菊池武重(きくち・たけしげ) ?〜1338?

肥後国菊池氏第13代。菊池武時の嫡男。通称は次郎。肥後守。
正慶2:元弘3年(1333)3月、後醍醐天皇の綸旨に応じた父・武時らとともに鎮西探題の襲撃を企てたが、少弐貞経大友貞宗らの裏切りによって武時や弟の頼隆は討死、武重は阿蘇惟直とともに逃れて肥後国に帰還した(菊池合戦)。また元弘4年(=建武元年:1334)1月に得宗北条一族の糸田貞義が挙兵すると、この鎮圧に出陣して糸田城を攻め落とし、これらの功で肥後守に叙任された。

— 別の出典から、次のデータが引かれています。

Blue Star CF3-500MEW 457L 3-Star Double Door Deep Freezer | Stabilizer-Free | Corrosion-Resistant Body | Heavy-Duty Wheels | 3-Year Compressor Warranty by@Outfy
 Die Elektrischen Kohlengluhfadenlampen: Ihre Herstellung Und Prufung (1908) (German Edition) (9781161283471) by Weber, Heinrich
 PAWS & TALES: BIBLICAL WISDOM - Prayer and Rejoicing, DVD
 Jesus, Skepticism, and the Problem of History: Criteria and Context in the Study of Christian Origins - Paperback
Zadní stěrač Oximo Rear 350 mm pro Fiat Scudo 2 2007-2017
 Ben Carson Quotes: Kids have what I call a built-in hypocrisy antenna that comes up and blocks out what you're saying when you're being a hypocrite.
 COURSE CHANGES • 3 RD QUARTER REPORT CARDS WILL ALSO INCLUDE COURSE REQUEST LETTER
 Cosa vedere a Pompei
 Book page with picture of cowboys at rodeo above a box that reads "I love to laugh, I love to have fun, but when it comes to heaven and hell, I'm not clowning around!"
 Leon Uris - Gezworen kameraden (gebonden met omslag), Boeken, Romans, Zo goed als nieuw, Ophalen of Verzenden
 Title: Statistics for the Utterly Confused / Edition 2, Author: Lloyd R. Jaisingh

後醍醐天皇の建武政権においては武者所に所属し、新田義貞の下にあったようである。建武2年(1335)の中先代の乱を鎮圧した足利尊氏が鎌倉に留まって建武政権から決別すると、その追討を命じられた新田義貞に従って出征し、同年12月の箱根・竹ノ下の合戦では弟・武吉とともに新田軍の先陣として足利直義軍と戦って活躍するが、戦いは自体は敗戦となって京に退く。これを足利勢が追撃したが、大渡で3日間に亘って防いだ。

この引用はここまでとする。